[Short descriptive text snippets]
────────────────
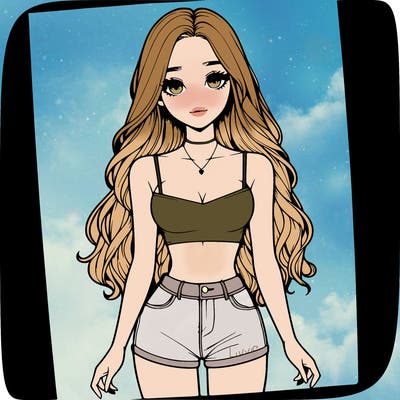 a realistic girl with long hair and in a crop top and shprts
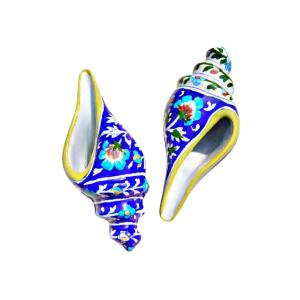 Blue Pottery Ceramic Conch Showpiece in 3 colour options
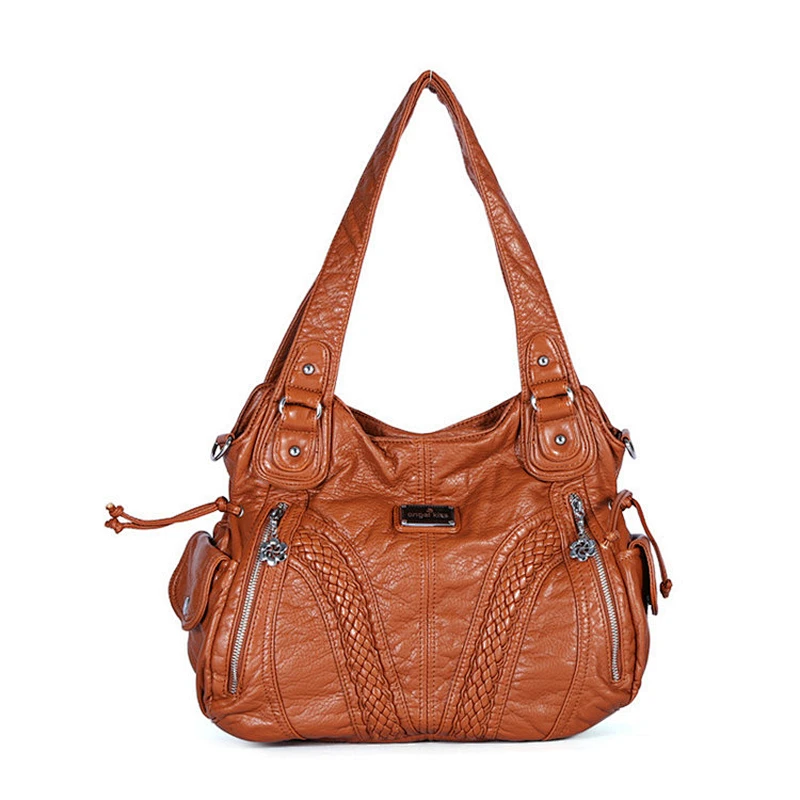 Custom wholesale ladies pu leather handbags womens tote shoulder bags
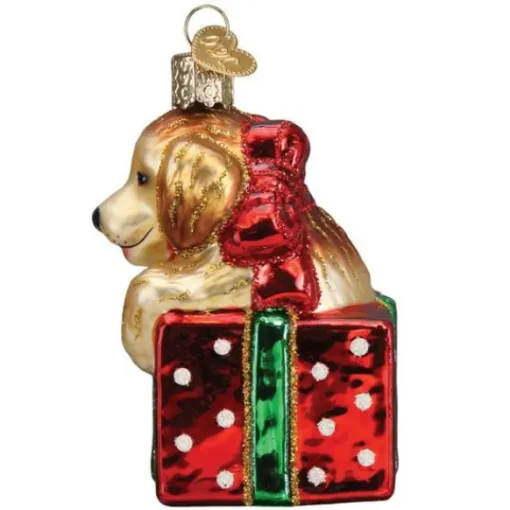 New Old World Christmas Golden Puppy Surprise Ornament -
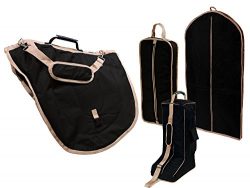 Derby English Horse Saddle, Bridle, Boot, and Garment Carry Bag Set with One year warranty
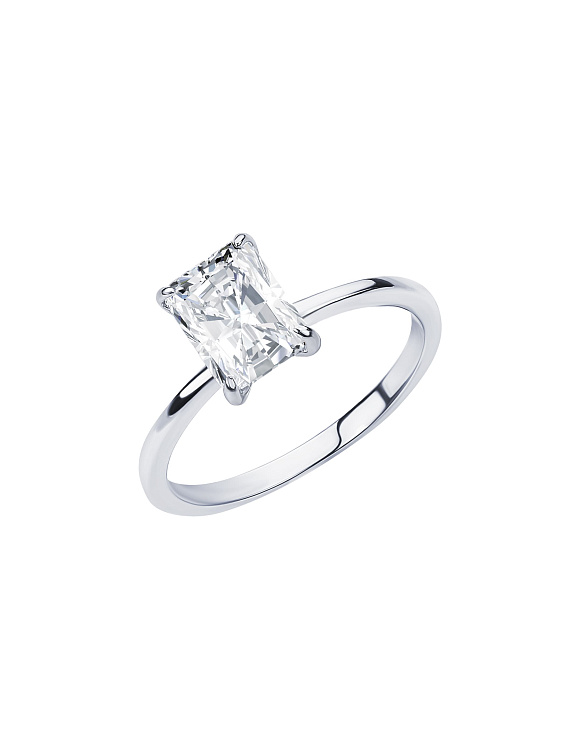 Серебряное кольцо с фианитом в огранке изумруд 6*8 мм Miestilo  2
────────────────
### TASK DETAILS
Please repeat each record exactly and keep every picture out of the copy.

### ANSWER BOX
 a realistic girl with long hair and in a crop top and shprts
 Blue Pottery Ceramic Conch Showpiece in 3 colour options
 Custom wholesale ladies pu leather handbags womens tote shoulder bags
 New Old World Christmas Golden Puppy Surprise Ornament -
 Derby English Horse Saddle, Bridle, Boot, and Garment Carry Bag Set with One year warranty
 Серебряное кольцо с фианитом в огранке изумруд 6*8 мм Miestilo  2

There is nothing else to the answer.